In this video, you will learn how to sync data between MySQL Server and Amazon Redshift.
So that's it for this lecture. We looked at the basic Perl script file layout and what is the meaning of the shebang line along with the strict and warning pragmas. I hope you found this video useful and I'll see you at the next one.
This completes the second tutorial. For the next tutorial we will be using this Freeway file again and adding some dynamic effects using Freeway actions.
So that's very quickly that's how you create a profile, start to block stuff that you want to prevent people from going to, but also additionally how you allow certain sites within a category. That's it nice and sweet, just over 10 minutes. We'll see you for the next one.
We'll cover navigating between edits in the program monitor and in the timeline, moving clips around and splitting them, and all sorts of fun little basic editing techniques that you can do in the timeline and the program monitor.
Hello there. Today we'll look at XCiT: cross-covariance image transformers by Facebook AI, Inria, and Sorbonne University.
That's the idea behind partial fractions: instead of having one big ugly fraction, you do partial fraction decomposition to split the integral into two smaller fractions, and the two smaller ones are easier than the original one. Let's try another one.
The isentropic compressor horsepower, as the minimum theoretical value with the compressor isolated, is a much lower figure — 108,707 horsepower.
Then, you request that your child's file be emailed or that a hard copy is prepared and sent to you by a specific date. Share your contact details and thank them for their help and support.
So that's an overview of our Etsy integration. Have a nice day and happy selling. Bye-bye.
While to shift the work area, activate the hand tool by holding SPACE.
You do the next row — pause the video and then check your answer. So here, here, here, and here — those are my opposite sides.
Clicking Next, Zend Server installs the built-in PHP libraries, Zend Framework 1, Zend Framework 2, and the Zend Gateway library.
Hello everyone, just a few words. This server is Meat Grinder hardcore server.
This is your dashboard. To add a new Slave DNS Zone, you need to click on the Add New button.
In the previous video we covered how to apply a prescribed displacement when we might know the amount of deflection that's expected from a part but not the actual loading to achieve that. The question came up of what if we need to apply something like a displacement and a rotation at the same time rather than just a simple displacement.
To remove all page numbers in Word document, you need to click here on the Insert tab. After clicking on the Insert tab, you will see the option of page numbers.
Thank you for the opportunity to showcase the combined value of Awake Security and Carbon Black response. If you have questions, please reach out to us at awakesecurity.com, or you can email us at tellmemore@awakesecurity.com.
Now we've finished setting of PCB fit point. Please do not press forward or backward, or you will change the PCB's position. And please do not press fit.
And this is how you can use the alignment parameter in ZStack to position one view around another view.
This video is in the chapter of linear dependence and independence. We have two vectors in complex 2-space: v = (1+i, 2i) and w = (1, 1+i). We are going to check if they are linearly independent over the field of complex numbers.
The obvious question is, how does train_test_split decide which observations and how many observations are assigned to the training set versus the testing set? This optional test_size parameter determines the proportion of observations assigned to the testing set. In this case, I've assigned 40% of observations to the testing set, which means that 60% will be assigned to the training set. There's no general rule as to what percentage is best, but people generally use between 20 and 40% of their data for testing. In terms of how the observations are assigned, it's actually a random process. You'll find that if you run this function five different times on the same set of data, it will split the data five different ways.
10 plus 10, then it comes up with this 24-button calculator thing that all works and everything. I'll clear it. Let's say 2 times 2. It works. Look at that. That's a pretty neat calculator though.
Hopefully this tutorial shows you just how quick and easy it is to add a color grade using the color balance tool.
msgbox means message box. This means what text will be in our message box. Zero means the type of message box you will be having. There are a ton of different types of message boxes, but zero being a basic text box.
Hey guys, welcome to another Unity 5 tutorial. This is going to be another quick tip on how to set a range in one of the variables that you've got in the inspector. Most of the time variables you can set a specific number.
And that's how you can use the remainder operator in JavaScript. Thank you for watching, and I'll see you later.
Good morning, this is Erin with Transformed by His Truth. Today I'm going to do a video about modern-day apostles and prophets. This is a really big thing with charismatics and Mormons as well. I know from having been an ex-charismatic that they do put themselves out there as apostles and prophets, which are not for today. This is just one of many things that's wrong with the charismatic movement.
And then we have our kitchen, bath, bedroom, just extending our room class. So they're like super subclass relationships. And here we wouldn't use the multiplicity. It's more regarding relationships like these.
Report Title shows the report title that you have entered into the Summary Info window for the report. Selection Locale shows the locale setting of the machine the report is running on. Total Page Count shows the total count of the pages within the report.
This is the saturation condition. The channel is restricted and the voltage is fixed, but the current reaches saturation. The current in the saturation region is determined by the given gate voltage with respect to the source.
▬▬▬▬▬▬▬▬▬▬
● **EXERCISE DIRECTIONS**
Scan the listing above and report how many of its lines hold the word "Hello", giving the number only.

● **ANSWER TO THIS PROBLEM**
2